Um capitalista liberal e um comunista, ambos homens da geração de 1960, entram num debate para as presidenciais e o que acontece? Têm acaloradamente uma conversa que podia ter sido uma discussão parlamentar sobre saúde, trabalho e serviço militar. Em alguns pontos, até afinaram pelo mesmo diapasão. “Surpreendentemente, vamos estar de acordo nalgumas coisas”, disse a dada altura João Cotrim de Figueiredo a António Filipe. Para quem esteja a acompanhar os debates, a surpresa não será assim tanta.
Os 28 debates televisivos podem parecer demasiados, mas não são. Esta abundância oferece uma enorme vantagem: quem perder uns, poderá sempre assistir aos seguintes e ouvir os candidatos a dizerem, pelo menos em parte, o mesmo.
Já tínhamos ouvido Filipe (que tinha debatido antes com um candidato de direita, Luís Marques Mendes) falar dos baixos salários e usar a mesma frase dos “trabalhadores que não levam mil euros para casa”. Já ouvíramos Cotrim de Figueiredo (que tinha debatido antes com um candidato de esquerda, Jorge Pinto) falar dos problemas do SNS e usar as mesmíssimas expressões dos “incentivos perversos”, da “corrupção moral” e da “corrupção legal”.
A repetição é normal, não se pode esperar que os candidatos se reinventem retoricamente a cada aparição em estúdio, especialmente naqueles casos em que não disputam um único voto com o oponente e a missão é passar a mensagem para os indecisos lá em casa. Em todo o caso, ainda só levamos duas semanas disto. Faltam mais três semanas e qualquer coisa.
Em que estiveram então de acordo o comunista e o liberal?
Para começar, num diagnóstico sobre a saúde, que fizeram ambos e com palavras muito semelhantes, que aqui se parafraseiam: quando há problemas no SNS, são os privados que saem a ganhar. Sem surpresas, discordaram na receita para o problema, mas em meia dúzia de minutos isso não se aprofunda e, em todo o caso, não são candidatos a primeiro-ministro (como Cotrim se esforçou por dizer algumas vezes, antes de o debate voltar a seguir por meandros mais legislativos do que presidenciais).
Os dois candidatos conseguiram até concordar numa ou outra coisa da reforma laboral (como a questão da amamentação).
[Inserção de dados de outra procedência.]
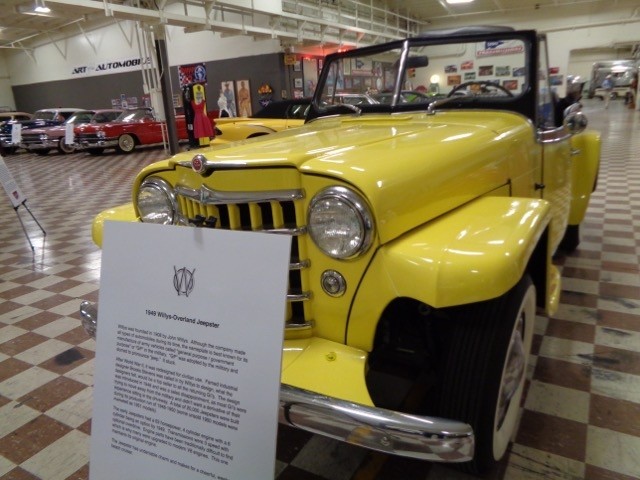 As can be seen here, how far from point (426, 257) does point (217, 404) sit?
68cm

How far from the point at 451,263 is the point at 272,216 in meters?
0.63

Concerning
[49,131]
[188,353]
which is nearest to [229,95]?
[49,131]

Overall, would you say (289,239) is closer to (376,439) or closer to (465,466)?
(376,439)

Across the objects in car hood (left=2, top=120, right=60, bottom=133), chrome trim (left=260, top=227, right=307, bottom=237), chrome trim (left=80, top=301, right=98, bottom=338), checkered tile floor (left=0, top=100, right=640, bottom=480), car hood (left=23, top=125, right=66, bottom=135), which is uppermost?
car hood (left=2, top=120, right=60, bottom=133)

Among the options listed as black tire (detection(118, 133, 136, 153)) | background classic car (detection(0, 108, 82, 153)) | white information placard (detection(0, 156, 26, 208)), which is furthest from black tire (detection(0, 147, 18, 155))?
white information placard (detection(0, 156, 26, 208))

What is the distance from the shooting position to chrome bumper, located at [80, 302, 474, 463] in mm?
1189

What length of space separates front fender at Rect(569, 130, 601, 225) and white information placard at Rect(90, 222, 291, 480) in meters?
3.27

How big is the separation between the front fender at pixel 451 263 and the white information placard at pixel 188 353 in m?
0.44

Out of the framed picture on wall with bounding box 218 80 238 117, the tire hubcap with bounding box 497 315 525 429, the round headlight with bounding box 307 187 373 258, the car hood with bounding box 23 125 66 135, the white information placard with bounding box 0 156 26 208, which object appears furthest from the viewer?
the framed picture on wall with bounding box 218 80 238 117

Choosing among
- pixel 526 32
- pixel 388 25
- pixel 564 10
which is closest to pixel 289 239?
pixel 526 32

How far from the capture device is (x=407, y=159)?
5.29 feet

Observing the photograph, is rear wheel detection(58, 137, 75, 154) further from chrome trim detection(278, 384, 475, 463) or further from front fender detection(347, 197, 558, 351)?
chrome trim detection(278, 384, 475, 463)

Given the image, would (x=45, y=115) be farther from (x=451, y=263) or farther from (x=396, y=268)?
(x=451, y=263)

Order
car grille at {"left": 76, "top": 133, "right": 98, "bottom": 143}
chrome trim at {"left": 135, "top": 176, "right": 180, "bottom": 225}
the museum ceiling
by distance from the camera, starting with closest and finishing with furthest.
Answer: chrome trim at {"left": 135, "top": 176, "right": 180, "bottom": 225}
the museum ceiling
car grille at {"left": 76, "top": 133, "right": 98, "bottom": 143} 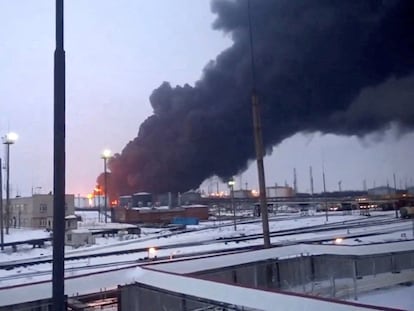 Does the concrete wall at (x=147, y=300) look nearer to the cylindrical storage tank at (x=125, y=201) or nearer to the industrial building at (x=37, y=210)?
the industrial building at (x=37, y=210)

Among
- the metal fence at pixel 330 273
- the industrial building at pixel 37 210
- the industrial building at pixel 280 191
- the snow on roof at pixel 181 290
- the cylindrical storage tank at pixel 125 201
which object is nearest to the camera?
the snow on roof at pixel 181 290

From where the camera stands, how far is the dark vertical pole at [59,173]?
4559 millimetres

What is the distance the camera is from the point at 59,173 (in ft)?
15.4

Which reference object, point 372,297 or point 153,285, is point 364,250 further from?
point 153,285

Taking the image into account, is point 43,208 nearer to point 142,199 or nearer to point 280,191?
Answer: point 142,199

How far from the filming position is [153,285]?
9742 mm

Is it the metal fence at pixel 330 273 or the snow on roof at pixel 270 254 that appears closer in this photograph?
the snow on roof at pixel 270 254

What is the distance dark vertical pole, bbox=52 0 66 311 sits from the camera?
456cm

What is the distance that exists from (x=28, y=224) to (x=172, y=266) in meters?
49.1

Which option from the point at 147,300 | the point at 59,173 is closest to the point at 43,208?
the point at 147,300

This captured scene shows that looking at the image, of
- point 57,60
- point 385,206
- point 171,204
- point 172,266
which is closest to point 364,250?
point 172,266

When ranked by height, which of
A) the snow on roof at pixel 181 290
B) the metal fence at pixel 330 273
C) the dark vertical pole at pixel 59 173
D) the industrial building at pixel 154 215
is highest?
the dark vertical pole at pixel 59 173

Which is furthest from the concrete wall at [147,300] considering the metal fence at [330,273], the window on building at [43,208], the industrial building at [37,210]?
the window on building at [43,208]

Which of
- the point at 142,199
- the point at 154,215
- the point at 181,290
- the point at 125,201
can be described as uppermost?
the point at 142,199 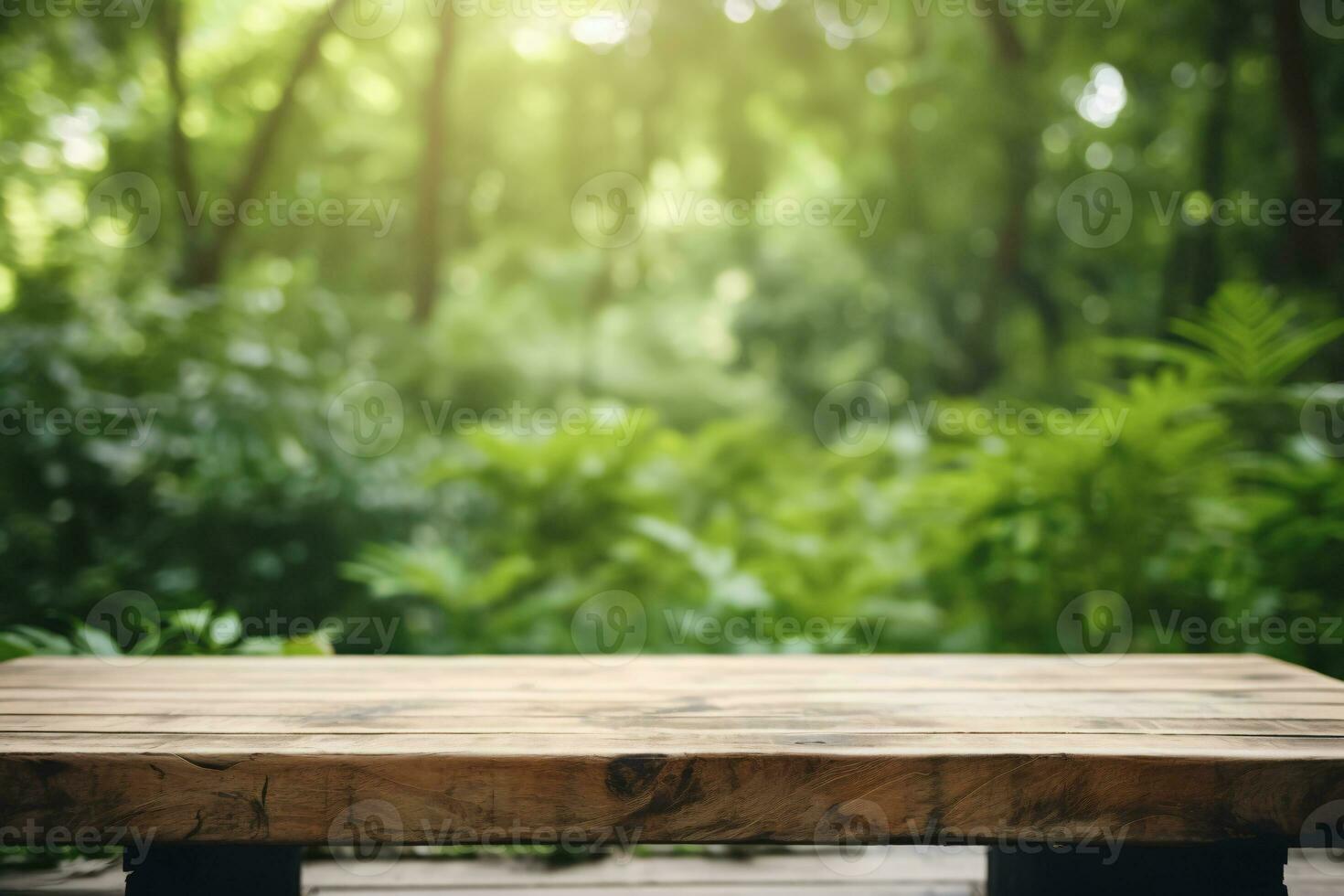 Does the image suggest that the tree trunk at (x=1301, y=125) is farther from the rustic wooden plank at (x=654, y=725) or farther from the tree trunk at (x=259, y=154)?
the tree trunk at (x=259, y=154)

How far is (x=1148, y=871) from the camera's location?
120 cm

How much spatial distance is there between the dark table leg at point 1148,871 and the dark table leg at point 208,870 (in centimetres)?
130

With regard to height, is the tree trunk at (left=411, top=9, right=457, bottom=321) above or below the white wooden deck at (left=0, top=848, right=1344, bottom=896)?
above

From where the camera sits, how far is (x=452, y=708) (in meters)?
1.09

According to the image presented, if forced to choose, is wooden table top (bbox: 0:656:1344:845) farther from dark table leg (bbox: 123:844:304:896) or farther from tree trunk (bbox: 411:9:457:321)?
tree trunk (bbox: 411:9:457:321)

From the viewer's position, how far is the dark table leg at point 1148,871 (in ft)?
3.72

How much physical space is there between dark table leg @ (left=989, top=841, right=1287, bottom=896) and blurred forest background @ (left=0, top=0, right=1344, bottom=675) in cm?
135

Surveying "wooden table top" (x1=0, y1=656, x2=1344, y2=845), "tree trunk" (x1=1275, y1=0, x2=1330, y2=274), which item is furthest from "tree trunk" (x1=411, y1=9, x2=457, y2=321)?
"tree trunk" (x1=1275, y1=0, x2=1330, y2=274)

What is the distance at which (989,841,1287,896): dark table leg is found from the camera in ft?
3.72

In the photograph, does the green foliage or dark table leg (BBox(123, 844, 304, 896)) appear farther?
the green foliage

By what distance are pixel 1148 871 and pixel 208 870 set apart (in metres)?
1.53

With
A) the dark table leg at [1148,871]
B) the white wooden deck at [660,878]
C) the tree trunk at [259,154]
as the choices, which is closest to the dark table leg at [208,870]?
the white wooden deck at [660,878]

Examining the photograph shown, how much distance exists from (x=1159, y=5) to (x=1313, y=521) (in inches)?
130

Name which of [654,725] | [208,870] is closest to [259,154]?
[208,870] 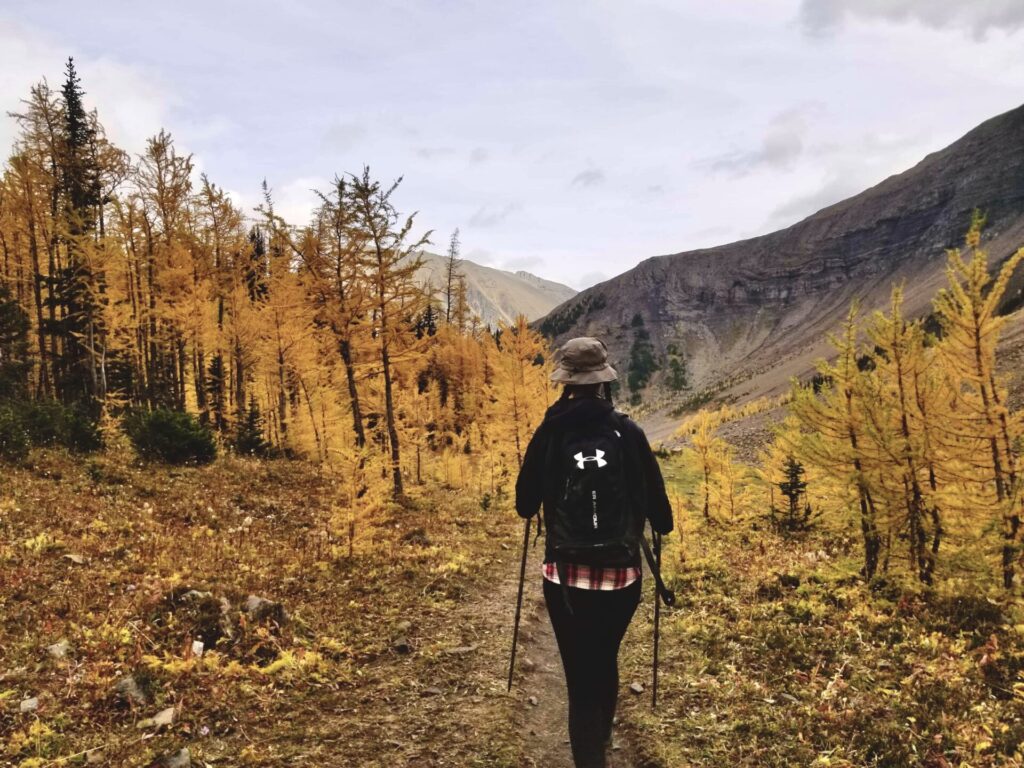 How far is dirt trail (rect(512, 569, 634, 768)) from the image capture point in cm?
522

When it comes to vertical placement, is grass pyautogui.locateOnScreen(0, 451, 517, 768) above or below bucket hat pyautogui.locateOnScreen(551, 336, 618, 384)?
below

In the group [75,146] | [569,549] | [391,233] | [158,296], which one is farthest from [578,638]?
[75,146]

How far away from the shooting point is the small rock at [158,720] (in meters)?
5.05

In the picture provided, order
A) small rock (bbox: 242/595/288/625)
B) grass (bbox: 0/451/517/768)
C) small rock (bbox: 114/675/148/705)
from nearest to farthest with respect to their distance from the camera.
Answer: grass (bbox: 0/451/517/768) < small rock (bbox: 114/675/148/705) < small rock (bbox: 242/595/288/625)

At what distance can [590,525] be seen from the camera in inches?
142

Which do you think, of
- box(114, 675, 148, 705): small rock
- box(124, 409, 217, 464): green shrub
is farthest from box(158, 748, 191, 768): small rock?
box(124, 409, 217, 464): green shrub

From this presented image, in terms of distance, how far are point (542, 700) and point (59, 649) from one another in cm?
542

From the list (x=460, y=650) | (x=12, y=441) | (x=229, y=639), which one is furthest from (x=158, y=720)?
(x=12, y=441)

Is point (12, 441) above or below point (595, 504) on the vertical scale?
above

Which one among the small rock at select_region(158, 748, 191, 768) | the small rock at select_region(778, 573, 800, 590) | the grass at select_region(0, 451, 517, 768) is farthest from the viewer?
the small rock at select_region(778, 573, 800, 590)

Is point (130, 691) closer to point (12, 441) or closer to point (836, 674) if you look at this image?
point (836, 674)

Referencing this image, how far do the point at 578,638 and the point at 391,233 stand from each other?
16503 mm

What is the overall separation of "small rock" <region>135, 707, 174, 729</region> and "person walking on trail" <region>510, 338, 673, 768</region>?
3909 millimetres

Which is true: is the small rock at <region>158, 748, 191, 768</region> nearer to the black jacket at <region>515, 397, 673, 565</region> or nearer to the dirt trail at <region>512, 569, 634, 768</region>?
the dirt trail at <region>512, 569, 634, 768</region>
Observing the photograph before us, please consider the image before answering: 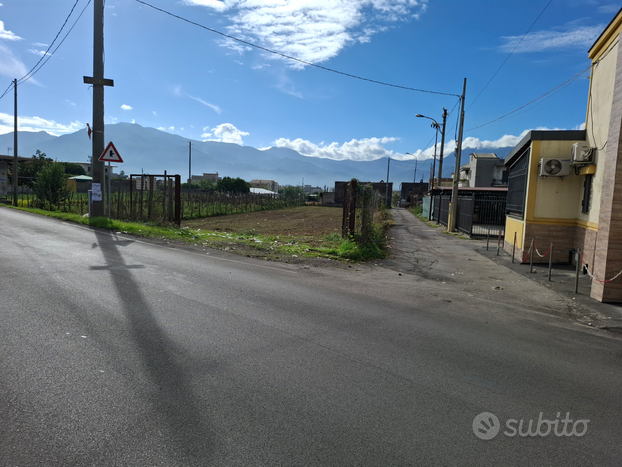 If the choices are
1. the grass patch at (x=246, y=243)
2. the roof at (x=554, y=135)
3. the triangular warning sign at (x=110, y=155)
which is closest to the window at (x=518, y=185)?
the roof at (x=554, y=135)

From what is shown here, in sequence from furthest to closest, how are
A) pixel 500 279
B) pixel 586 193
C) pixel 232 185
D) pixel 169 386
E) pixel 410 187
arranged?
pixel 232 185, pixel 410 187, pixel 586 193, pixel 500 279, pixel 169 386

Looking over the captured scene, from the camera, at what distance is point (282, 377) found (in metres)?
3.85

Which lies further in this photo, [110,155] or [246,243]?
[110,155]

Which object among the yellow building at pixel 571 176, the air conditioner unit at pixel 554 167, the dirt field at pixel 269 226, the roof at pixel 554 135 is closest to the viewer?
the yellow building at pixel 571 176

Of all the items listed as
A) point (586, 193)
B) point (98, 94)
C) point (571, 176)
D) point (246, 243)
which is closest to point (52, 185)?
point (98, 94)

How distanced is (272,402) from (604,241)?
7.59 metres

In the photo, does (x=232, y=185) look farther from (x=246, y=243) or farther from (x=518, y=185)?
(x=518, y=185)

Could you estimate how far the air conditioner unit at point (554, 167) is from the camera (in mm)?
11359

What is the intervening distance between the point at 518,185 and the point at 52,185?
24.9m

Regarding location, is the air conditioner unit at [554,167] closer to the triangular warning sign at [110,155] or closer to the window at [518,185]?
the window at [518,185]

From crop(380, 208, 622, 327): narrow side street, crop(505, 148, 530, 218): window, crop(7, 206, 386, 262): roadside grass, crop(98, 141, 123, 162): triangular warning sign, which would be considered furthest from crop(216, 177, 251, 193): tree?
crop(380, 208, 622, 327): narrow side street

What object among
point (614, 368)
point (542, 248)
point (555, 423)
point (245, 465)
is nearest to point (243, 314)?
point (245, 465)

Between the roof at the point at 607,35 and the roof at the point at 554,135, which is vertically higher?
the roof at the point at 607,35

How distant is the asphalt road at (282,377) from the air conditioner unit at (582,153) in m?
5.66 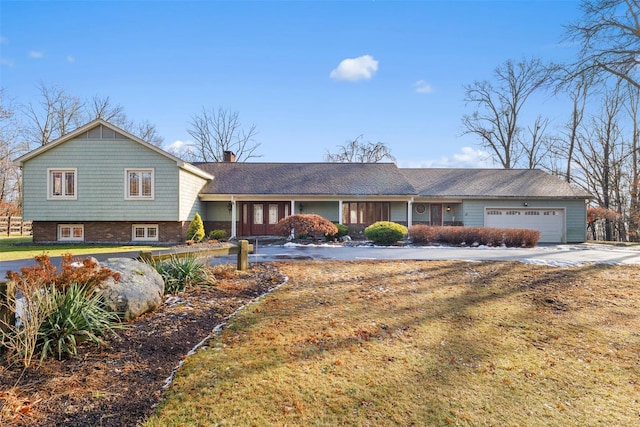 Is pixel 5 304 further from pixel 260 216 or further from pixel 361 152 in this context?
pixel 361 152

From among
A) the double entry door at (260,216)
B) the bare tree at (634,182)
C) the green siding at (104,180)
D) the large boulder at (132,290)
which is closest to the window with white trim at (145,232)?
the green siding at (104,180)

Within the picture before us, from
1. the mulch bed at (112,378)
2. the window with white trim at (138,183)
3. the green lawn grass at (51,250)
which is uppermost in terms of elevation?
the window with white trim at (138,183)

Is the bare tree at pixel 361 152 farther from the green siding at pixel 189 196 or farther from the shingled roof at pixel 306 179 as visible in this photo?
the green siding at pixel 189 196

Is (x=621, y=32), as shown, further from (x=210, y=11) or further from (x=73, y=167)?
(x=73, y=167)

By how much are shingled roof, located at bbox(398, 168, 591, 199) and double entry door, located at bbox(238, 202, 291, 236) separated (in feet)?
29.2

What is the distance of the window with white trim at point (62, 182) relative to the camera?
16125 mm

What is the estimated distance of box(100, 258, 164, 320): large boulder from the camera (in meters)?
4.39

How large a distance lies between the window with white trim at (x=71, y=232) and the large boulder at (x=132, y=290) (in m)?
14.4

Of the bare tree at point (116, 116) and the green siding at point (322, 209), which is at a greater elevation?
the bare tree at point (116, 116)

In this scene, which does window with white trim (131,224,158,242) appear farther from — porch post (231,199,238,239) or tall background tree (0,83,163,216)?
tall background tree (0,83,163,216)

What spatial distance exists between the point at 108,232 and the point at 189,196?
4276mm

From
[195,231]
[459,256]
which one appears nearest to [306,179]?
[195,231]

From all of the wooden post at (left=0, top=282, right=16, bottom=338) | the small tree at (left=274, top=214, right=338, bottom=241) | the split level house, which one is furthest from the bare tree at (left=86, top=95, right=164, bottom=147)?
the wooden post at (left=0, top=282, right=16, bottom=338)

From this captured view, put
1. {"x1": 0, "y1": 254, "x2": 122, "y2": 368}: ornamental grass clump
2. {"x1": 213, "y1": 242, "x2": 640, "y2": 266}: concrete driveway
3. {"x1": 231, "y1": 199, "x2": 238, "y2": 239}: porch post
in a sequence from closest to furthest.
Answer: {"x1": 0, "y1": 254, "x2": 122, "y2": 368}: ornamental grass clump → {"x1": 213, "y1": 242, "x2": 640, "y2": 266}: concrete driveway → {"x1": 231, "y1": 199, "x2": 238, "y2": 239}: porch post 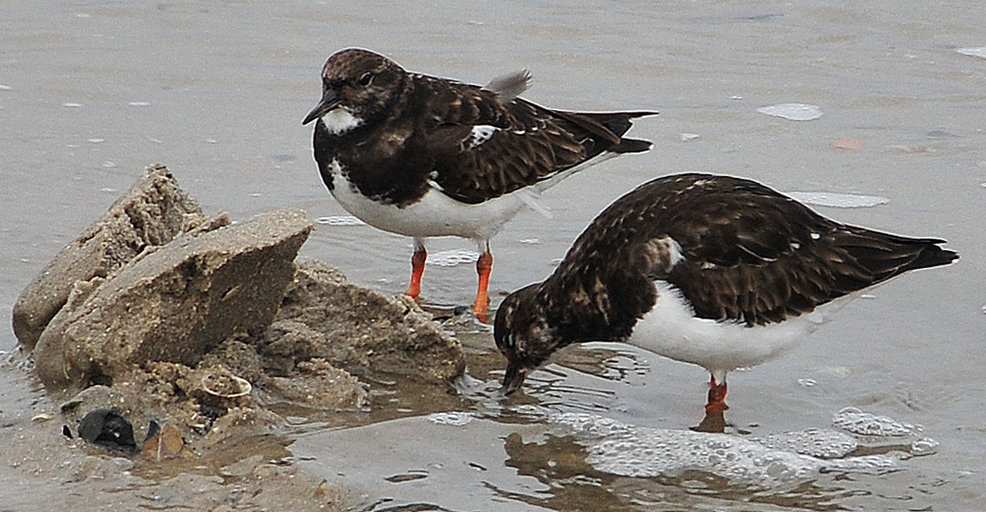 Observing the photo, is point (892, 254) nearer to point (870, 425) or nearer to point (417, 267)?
point (870, 425)

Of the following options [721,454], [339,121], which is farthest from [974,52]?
[721,454]

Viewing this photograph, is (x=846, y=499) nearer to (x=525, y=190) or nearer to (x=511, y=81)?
(x=525, y=190)

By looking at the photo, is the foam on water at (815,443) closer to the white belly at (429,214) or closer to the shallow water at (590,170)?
the shallow water at (590,170)

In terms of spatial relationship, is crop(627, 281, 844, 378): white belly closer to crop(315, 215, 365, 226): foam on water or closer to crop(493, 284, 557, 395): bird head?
crop(493, 284, 557, 395): bird head

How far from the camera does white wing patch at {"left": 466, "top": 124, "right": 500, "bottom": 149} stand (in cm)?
529

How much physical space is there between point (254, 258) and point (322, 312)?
0.49 metres

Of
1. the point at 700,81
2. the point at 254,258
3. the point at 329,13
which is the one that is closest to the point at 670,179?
the point at 254,258

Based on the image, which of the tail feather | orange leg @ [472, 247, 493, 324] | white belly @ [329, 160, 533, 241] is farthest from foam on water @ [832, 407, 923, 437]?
white belly @ [329, 160, 533, 241]

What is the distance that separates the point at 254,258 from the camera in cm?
387

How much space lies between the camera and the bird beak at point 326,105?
505 centimetres

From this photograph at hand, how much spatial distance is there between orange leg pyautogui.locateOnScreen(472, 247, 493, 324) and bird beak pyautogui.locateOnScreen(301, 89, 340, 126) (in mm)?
802

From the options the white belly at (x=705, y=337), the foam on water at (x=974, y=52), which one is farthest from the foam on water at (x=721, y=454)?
the foam on water at (x=974, y=52)

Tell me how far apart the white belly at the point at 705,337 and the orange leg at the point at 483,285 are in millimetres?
1040

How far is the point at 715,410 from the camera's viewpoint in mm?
4336
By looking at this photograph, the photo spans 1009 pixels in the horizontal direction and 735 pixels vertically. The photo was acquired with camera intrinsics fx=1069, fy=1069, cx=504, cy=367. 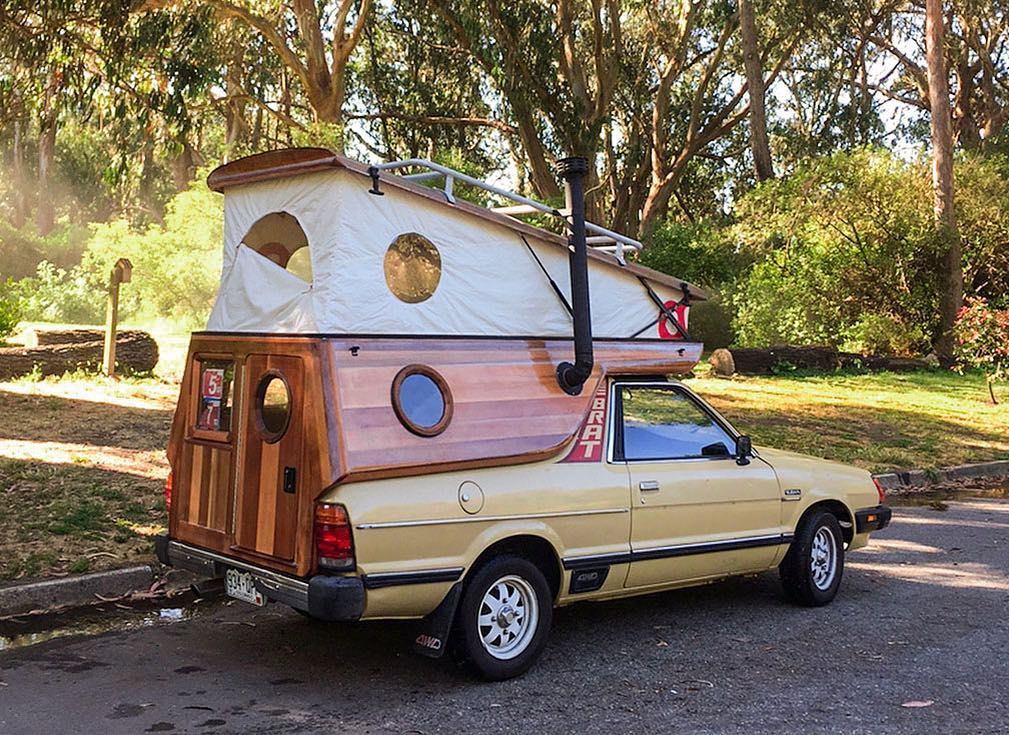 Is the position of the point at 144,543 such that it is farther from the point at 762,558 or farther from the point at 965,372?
the point at 965,372

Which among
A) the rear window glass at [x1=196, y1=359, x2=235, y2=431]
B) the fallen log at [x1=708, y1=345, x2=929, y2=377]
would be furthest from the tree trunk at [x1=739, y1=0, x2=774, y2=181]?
the rear window glass at [x1=196, y1=359, x2=235, y2=431]

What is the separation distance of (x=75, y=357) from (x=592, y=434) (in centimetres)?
1077

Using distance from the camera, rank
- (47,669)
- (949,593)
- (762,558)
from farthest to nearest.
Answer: (949,593)
(762,558)
(47,669)

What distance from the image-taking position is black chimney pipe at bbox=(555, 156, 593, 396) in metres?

E Cotrim lançou um “Estou de acordo” em réplica à frase de Filipe “Nenhum trabalhador faz greve por desporto ou com grande alegria.” E, claro, também aqui discordaram naquilo que seria de esperar.
Tiveram ainda igual opinião na questão de uma hipotética criação de um serviço militar voluntário, semelhante ao que alguns países europeus, como a França, estão a planear. “Não acho que faça enorme sentido”, disse o liberal (que se tem esforçado por conquistar o eleitorado jovem que seria o alvo de uma medida destas). “Não faz grande sentido”, disse o comunista. Não foi surpresa nenhuma.